Saya harus mengakui bahwa aktivitas pelayanan di Jakarta lebih tinggi dibanding sebelumnya. Selain harus berkantor, saya dianugerahi beragam tugas yang harus diselesaikan dalam waktu dekat.  Konon katanya karena saya bukanlah orang baru di ladang ini. Namun secara sadar, saya tetap berupaya untuk tidak tenggelam dalam rutinitas.  Maka menorehkan tulisan di blog menjadi semacam "penolakan" terhadap kekuatan kesibukan yang berpotensi menumpulkaan kepekaan terhadap ke-mahahadir-an Tuhan dalam hidup saya   Dan mungkin karena aktivitas yang padat, maka tulisan yang panjang diperlukan untuk memperkuat efek "penolakan" :)

Kemarin malam, sewaktu rehat sejenak dari belajar mandiri, saya menemukan sebuah tulisan menarik.  Tulisan adalah artikel yang disumbangkan oleh Rev. Albert Ting, mantan rektor Singapore Bible College, kepada beberapa pendeta GKY yang masuk masa emeritasi atau pensiun.  Berdasarkan penelusuran, artikel ini rupanya pernah muncul di situs resmi SBC. Tulisan ini sangat berbicara kepada saya, dan saya yakin ini anugerah Tuhan.  Maka saya ingin mengutipnya di sini dan mencoba untuk menerjemahkannya secara bebas, agar bisa dinikmati oleh kalangan yang lebih luas.  Betul tulisan ini ditujukan bagi para senior saya yang sudah pensiun, dan saya masih jauh dari masa pensiun--kecuali Tuhan yang menghendakinya.  Tapi itulah poin-nya! Saya rindu agar tulisan ini menolong saya dan rekan sejawat saya (bahkan termasuk jemaat) bukan hanya setelah masuk masa pensiun, tetapi di masa-masa menyongsong pensiun, yaitu waktu-waktu sekarang ini.

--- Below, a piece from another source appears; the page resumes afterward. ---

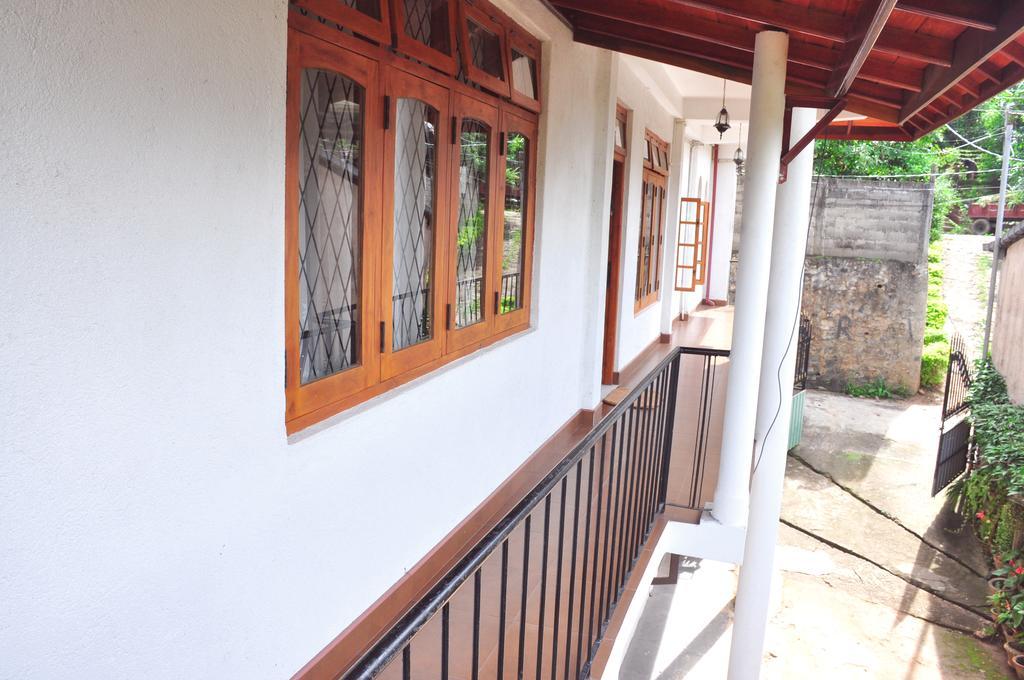 Ajanthas' Homestay Kandy Exterior foto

I could be stereotyping. I might be outdated. I most likely am over the hill. But please, give me some old-fashioned servants of God.
I agree with Thomas Friedman that "The World is Flat" and Jim Collins that we need to move "From Good to Great." While Jack Welch expounds on "Winning" and church growth experts churn out more techniques and how-to seminars, I still want my “old-fashioned” ministers of the Gospel!
Yes, you are exposed to the amazing power of information technology. All that you need are at your fingertips. A quick browse on the internet will take you to the latest development, images, and happenings around the world. Your problem is information overload to the point of indigestion and confusion. You have more duplication, less creativity. You have less time to understand, much less to reflect or analyze.
Yes, it is a globalized world. There will be more choices for you to consider for your future ministry. “The world is my field” is at its truest sense today! But will you be able to have the staying power and long-term commitment for a lasting ministry? Can the people count on you to be there for them when the going gets tough?
Yes, modern transportation will take you anywhere at an increasingly affordable price. But do you know where you are going? I mean, are you at the right place where God wants you to be? Does it matter? Do you care if it is God’s will or do you care more about your paycheck and comfort?
Yes, it matters today to dress smart, think big, and talk positive. Image is everything and look is more important than substance.
Strategic planning and vision casting do make a difference in setting a clear path. Leadership and management do make things less complicated and causes change for the better. But is the Holy Spirit consulted? Are you becoming orators without conviction, preachers who are too relevant to be challenging in your message?
Like the rain forests in the Amazon delta giving way to development and expansion, the “old-fashioned” servants are diminishing at an alarming rate! Rare today are servants who whine less and do more, who clean up their own mess and own their responsibilities, who focus less on finding excuses and more on solving problems, who don’t mind the work but mind being abandoned by God.
They are not calculative; so expect them to be poor in mathematics. They have every intention to stay in the ministry for the long haul; so expect them to be, shall I say, not very efficient.
They stress faithfulness above success, fearing God above fearing man, integrity above attention, character above competence. So expect them to spend long hours in God’s Word and prayer.
How I miss those “old-fashioned” servants of God! As you move on, carry and develop some of the “old-fashioned” ways. It will not tarnish your image. It will only add value to your ministry. (Add value? I thought we are talking about being “old-fashioned”!)
(terjemahan)
Saya mungkin berpikir terlalu sederhana.  Saya mungkin ketinggalan zaman.  Tampaknya saya sudah menua.  Tapi tolong, berikan saya beberapa pelayan Tuhan yang “jadul.”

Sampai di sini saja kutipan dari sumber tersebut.